Card data theft is likely to continue in the near term. Stolen card data has a limited shelf-life. Credit card companies are quick to spot anomalous spending patterns, as are observant card owners. This means that criminals need a steady supply of "fresh" card numbers.
The good news is that retailers will learn lessons from attacks and take steps to prevent the re-occurrence of this type of attack. Payment technology will also change. Many US retailers are now expediting the transition to Europay, Mastercard and VISA (EMV) standards, or "chip and pin" payment technologies. Chip and Pin cards are much more difficult to clone, making them less attractive to attackers. And of course new payment models may take over. Smartphones may become the new credit cards as mobile, or NFC, payment technology becomes more widely adopted.
There's no doubt that cybercriminals will respond to these changes. But as retailers adopt newer technologies and security companies continue to monitor the attackers, large-scale POS thefts will become more difficult and certainly less profitable.

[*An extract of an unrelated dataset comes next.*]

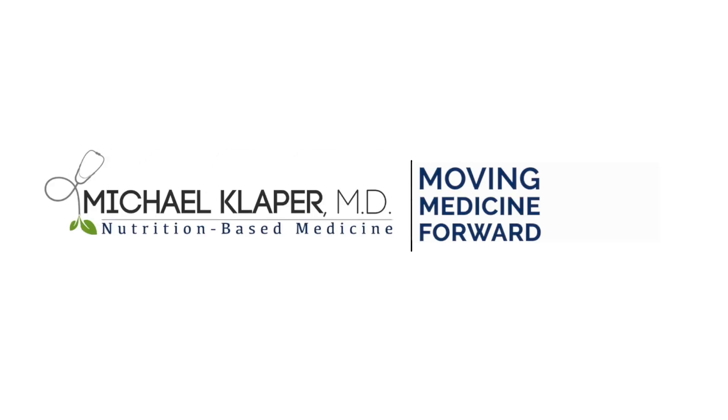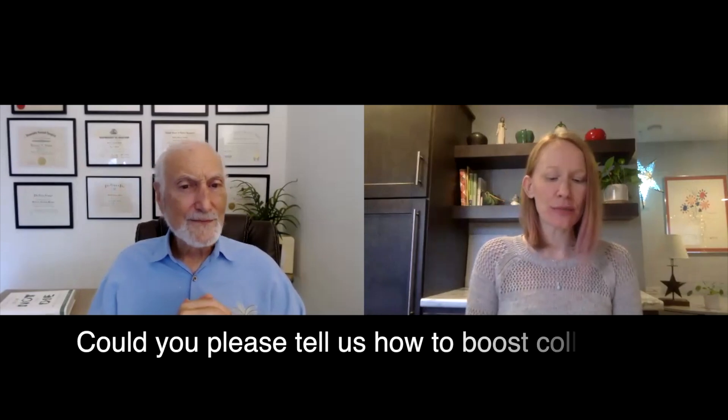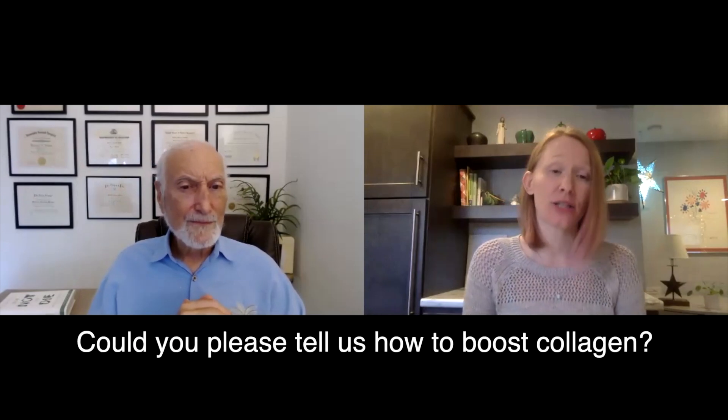Our question today from our viewer — they are curious if you could please tell them a little bit about how to boost their collagen. Well, I suppose there's a really subtle chemistry involved here, but basically I don't think you really need to do much to boost your collagen.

Risks with end of support for Windows XP
The majority of POS systems run the older Windows XP version of Windows Embedded. This older version is more susceptible to vulnerabilities and therefore more open to attack. In addition, Microsoft will end technical assistance for Windows XP operating system on 8 April 2014, including automatic updates and regularly issued security patches. Systems that continue to use Windows XP after the deadline will face increased security risks, particularly if new vulnerabilities are discovered in the operating system. Consequently, these systems are susceptible to a wide variety of attack scenarios which could lead to large scale data breaches. Organisations with systems running on Windows XP Embedded (XPE) face a similar situation, but more time to transition, as Microsoft will end support for XPE in January 2016.
As many POS systems are running a version of Windows, they are also capable of running any malware that runs on Windows. Thus, attackers do not need specialised skills in order to target POS systems and malware that were not specifically designed for use on POS systems could be easily repurposed for use against them.
There are many steps that POS operators can take to reduce the risk from attacks against POS systems but above all, the overarching reminder is to implement layered security on the POS systems and throughout the network.
A properly configured endpoint protection product can block even the most determined attacker, and this is especially true when it comes to a POS system. POS systems actually have a security advantage over a PC as a single function device. Because no one on that device is web browsing, emailing or opening shared drives, the functionally of the machine and the files needed on that machine are limited.
In short, to implement the best protection for Windows-based POS systems, organisations need to have layered security as part of the IT architecture.
- Nigel Tan is Director of Systems Engineering with Symantec Malaysia.